GIVEN DATA –

== Segment start ==

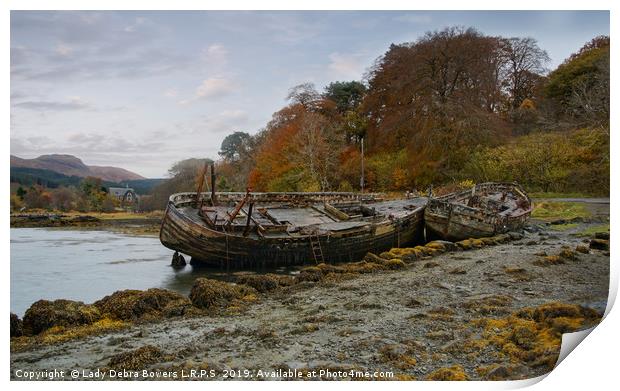 Salen Wrecks  Print by Lady Debra Bowers L.R.P.S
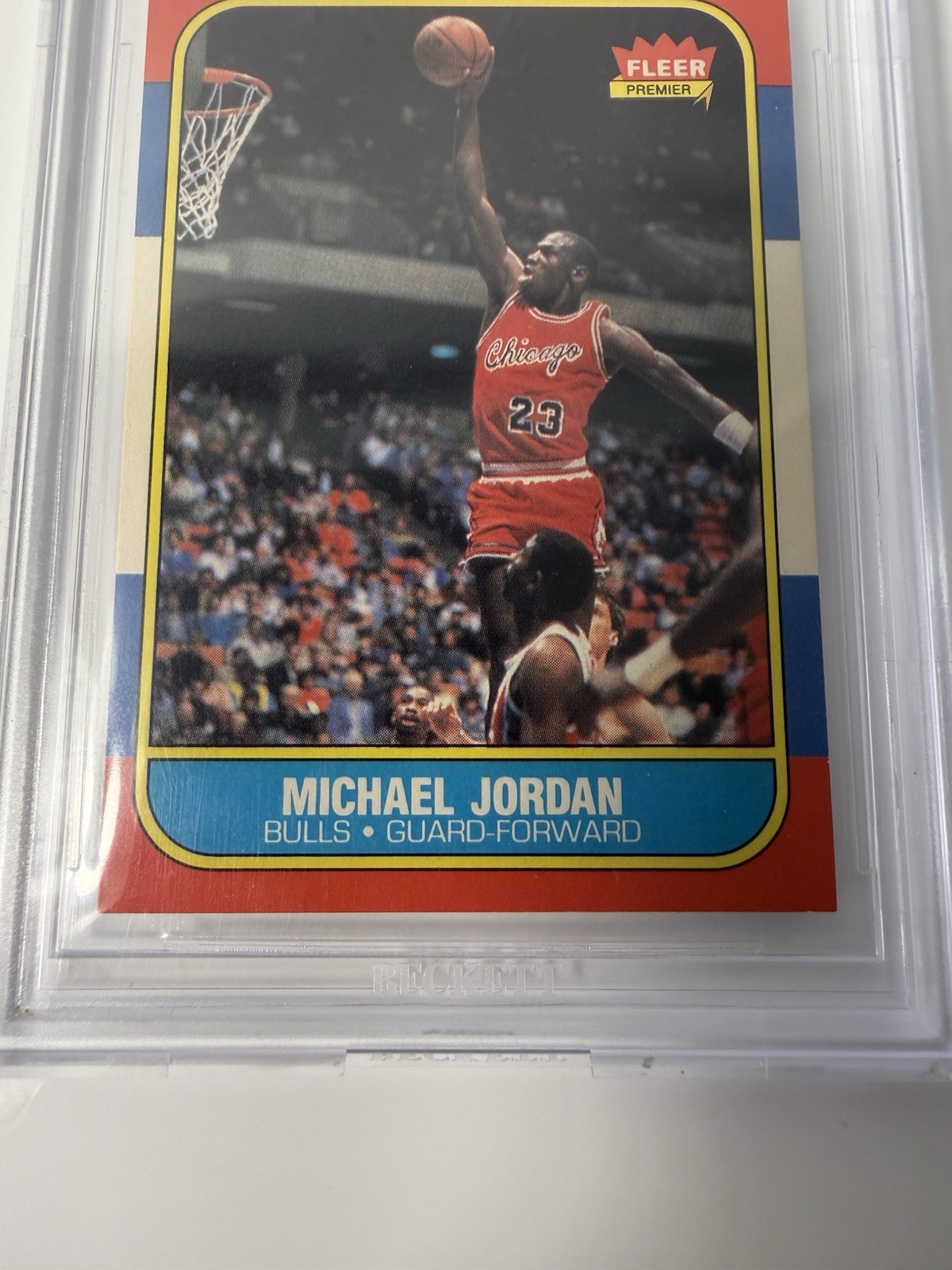 1986-87 Fleer - Michael Jordan #57 (RC) Amazing Clean Copy π GRADE THIS view 7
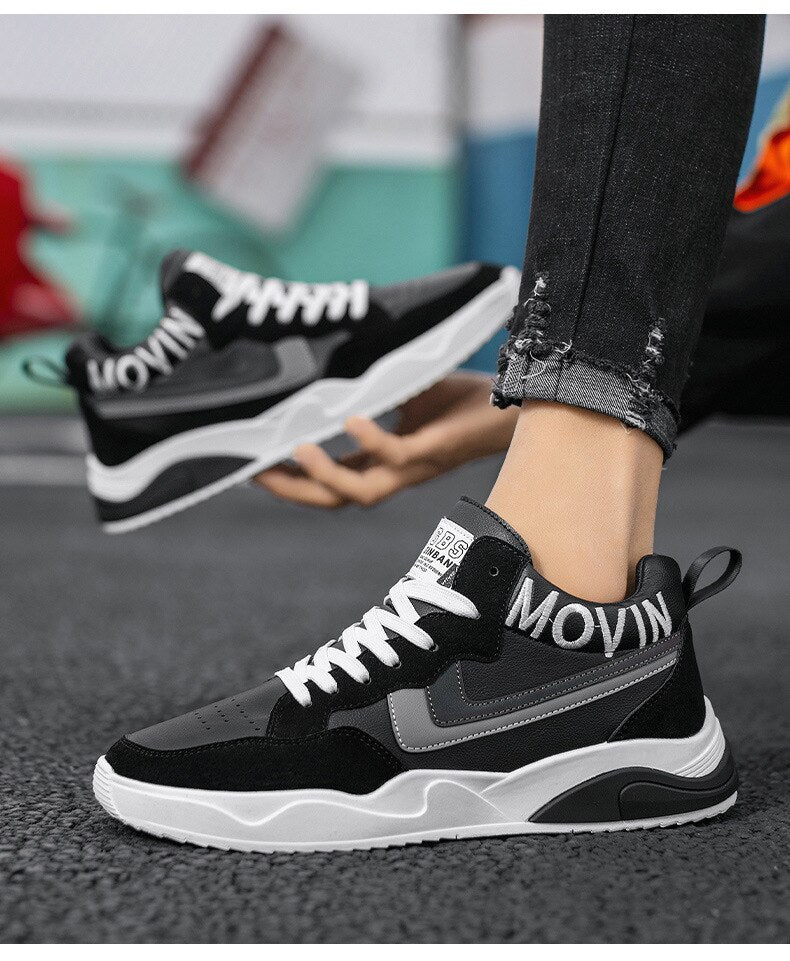 Advbridge Warm cotton shoes winter trend high-top shoes all-match sports casual shoes student running shoes fashionable trendy shoes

== Segment end ==

Copy word for word every line from the one holding "1986-87 Fleer - Michael" to the end of the listing, both ends included, but do not copy any pictures.

RESULT OF THE EXERCISE –
 1986-87 Fleer - Michael Jordan #57 (RC) Amazing Clean Copy π GRADE THIS view 7
 Advbridge Warm cotton shoes winter trend high-top shoes all-match sports casual shoes student running shoes fashionable trendy shoes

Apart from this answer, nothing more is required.